=== RECORDS FOR THE EXERCISE ===
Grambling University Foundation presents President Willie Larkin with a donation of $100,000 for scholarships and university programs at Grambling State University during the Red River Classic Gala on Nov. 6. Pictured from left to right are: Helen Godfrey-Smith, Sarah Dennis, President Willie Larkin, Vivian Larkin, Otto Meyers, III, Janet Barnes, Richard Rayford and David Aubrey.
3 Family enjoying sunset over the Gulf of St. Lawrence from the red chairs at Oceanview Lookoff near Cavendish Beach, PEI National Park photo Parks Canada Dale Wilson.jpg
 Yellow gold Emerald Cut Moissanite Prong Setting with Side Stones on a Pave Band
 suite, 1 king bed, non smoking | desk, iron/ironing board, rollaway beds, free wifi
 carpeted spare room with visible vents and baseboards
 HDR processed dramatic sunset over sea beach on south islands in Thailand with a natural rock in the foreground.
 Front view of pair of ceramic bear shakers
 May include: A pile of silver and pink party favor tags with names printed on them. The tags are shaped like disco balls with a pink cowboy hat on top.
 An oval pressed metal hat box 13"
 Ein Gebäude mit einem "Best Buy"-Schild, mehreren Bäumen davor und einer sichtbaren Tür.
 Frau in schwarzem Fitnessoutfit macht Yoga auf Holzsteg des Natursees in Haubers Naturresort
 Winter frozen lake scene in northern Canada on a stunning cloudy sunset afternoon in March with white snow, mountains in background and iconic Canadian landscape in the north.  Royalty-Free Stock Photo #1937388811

=== WHAT IS BEING ASKED ===
In the records shown above, how many lines include the word "Canada"? Answer with the number only.

=== EXERCISE OUTPUT ===
2